Son intégration au groupe
Sans manquer de respect à ses précédents clubs, le vestiaire des Citizens regorge de stars. Et donc, de talents. « Ce sont tous des joueurs de haut niveau. Il fallait donc élever mes standards et ma qualité. »
Heureusement, l’ailier, qui a toujours su se faire accepter, n’a pas connu des problèmes d’acclimatation. « J’ai senti que l’entraîneur voulait bien m’accueillir, les coéquipiers aussi. Ils ont tous été sympas avec moi. »

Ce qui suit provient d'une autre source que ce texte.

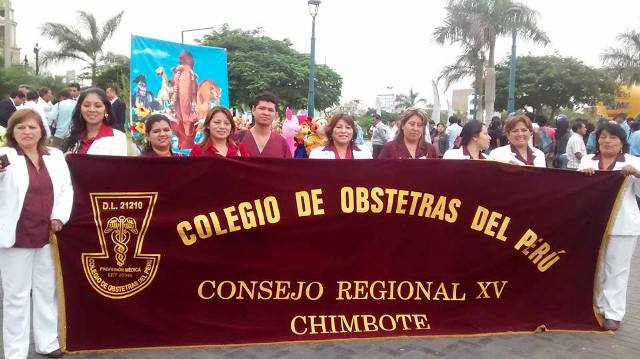 Obstetras protestan porque el Minsa les ha anulado 70 plazas en Áncash y anuncian paro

S’intégrer est une chose, jouer en est une autre. Mais l’ailier supersonique n’a jamais douté de ses qualités. « Je pense que quand les dirigeants de City recrutent des joueurs, ils connaissent leur mentalité et leurs caractéristiques. »
La concurrence
Au fil des années plusieurs concurrents sont arrivés dans le groupe de Pep Guardiola. Mais il a pris tout de même une nouvelle dimension cette saison. « Chaque année, le club recrute de jeunes joueurs qui veulent tous jouer. »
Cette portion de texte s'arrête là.